Last week, both Jacobs and AECOM reported growth in their earnings, citing U.S. government funds flowing into the project pipelines.

After poor performance and leadership changesLendlease went into “recalibrating” mode during fiscal year 2022, Lombardo said. The company is now in the second year of a five-year course correction.

“Our focus is now on executing the strategy in order to return the group to sustained profitable performance,” Lombardo said.

Changing U.K. laws

Lendlease’s AU$141 million statutory loss after tax largely stemmed from changing U.K. laws surrounding remediating residential properties looking back 30 years. Under the Defective Premises Act, the British government has moved to extend the period of defect claims for residential buildings from six to 30 years.

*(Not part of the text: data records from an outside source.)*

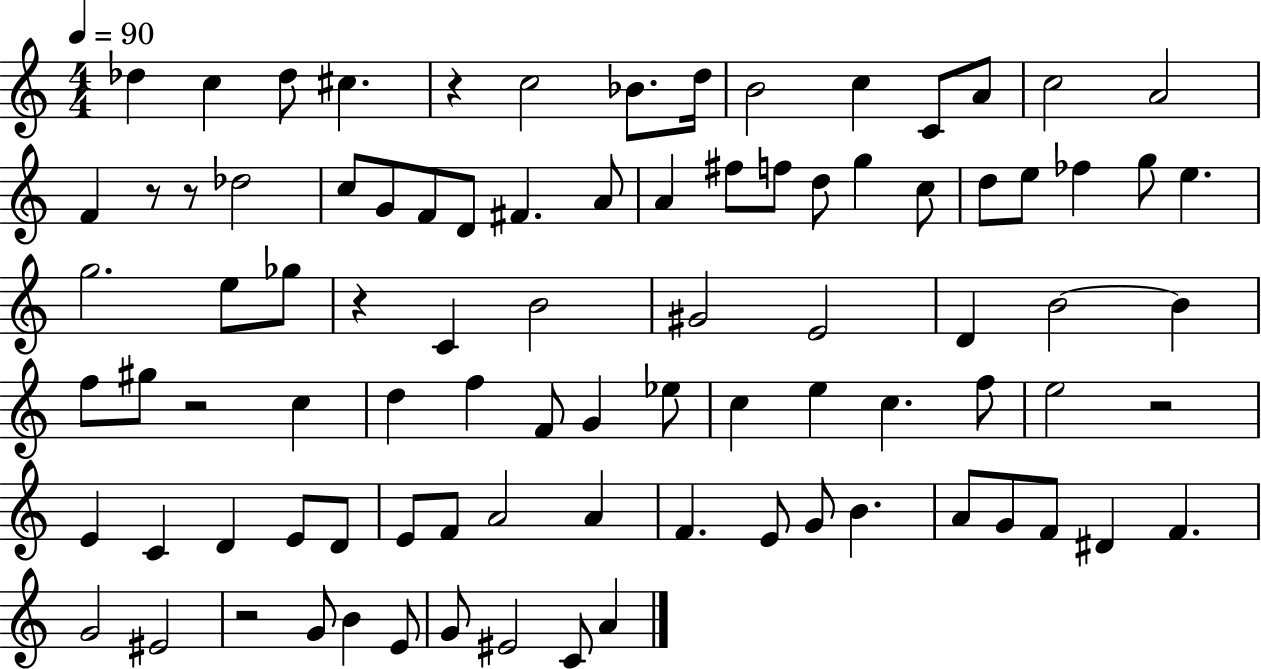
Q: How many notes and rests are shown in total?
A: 89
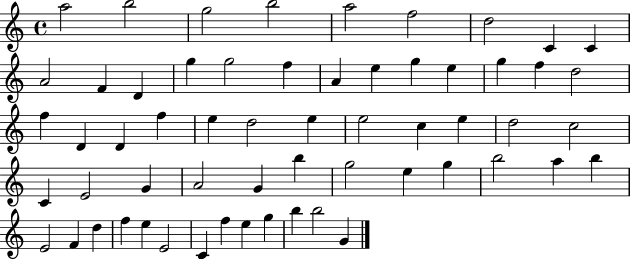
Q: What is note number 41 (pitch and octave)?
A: G5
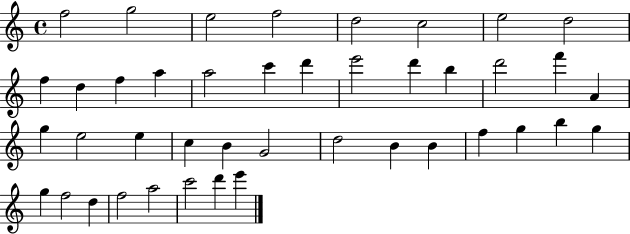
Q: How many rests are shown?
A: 0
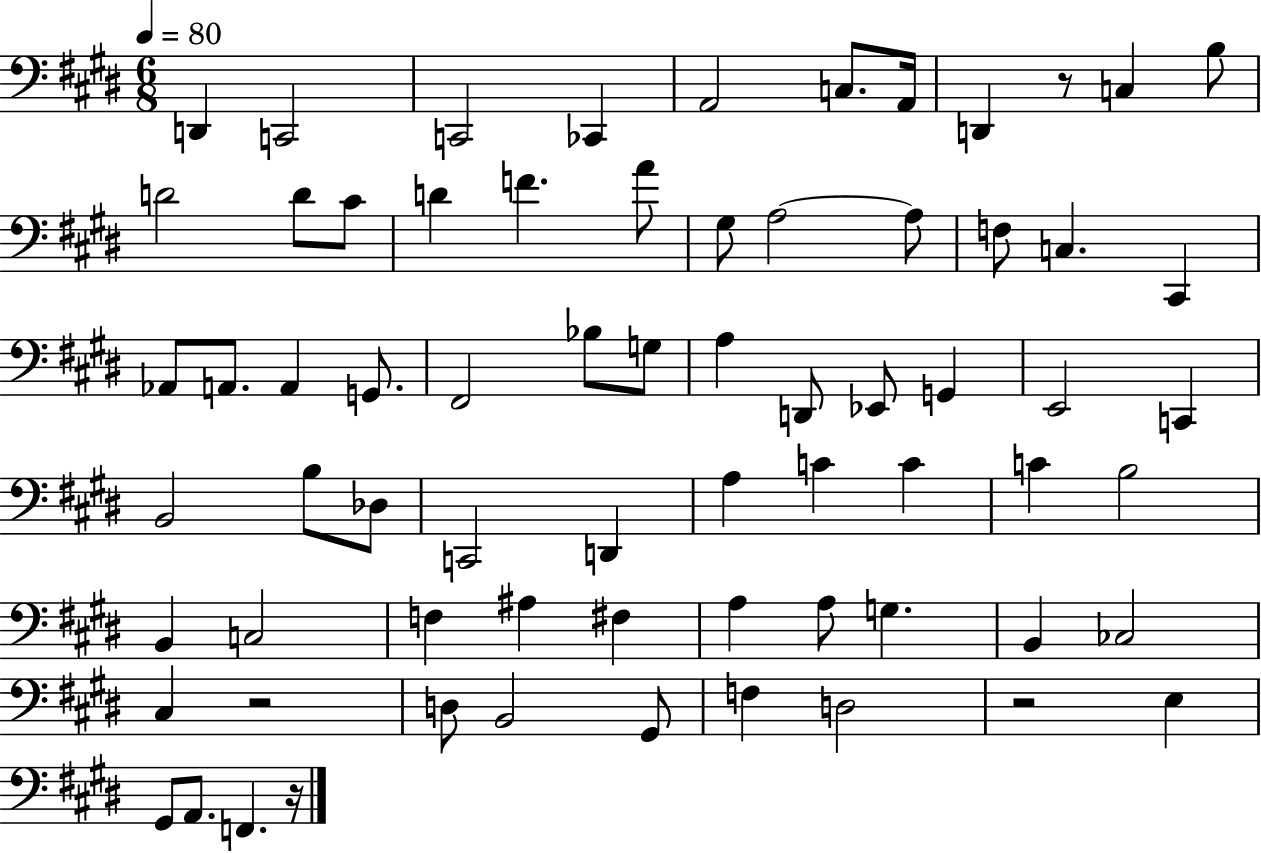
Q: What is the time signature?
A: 6/8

The new law also covers changes to building safety regulations of completed blocks.

Lendlease was forced to sign a contract and take a AU$200 million provision against potential liabilities to remediate residential properties to avoid facing significant trade restrictions in the U.K. market.

Lombardo said most of the liability was related to buildings developed by Crosby Group entities, which Lendlease acquired in 2005. The developer expects cash expenditures from the provision to be spread over the next five years.

Safety and outlook

Inflation and supply chain struggles will continue to steepen Lendlease’s uphill climb, and are impacting the contractor’s confidence in the future.

“While these risks continue to be proactively managed, their persistence may impact performance,” Lombardo said.

He added that he expects construction earnings in 2023 to be on the lower half of the firm’s 1.5% to 2.5% outlook range.

In September, 46-year-old Pape Khoule died on a Lendlease jobsite in Brooklyn, New York, when a 2,000-pound piece of equipment fell on him.

During the earnings call, Lombardo offered his condolences, before stating the site was “under subcontractor management” at the time of Khoule’s death.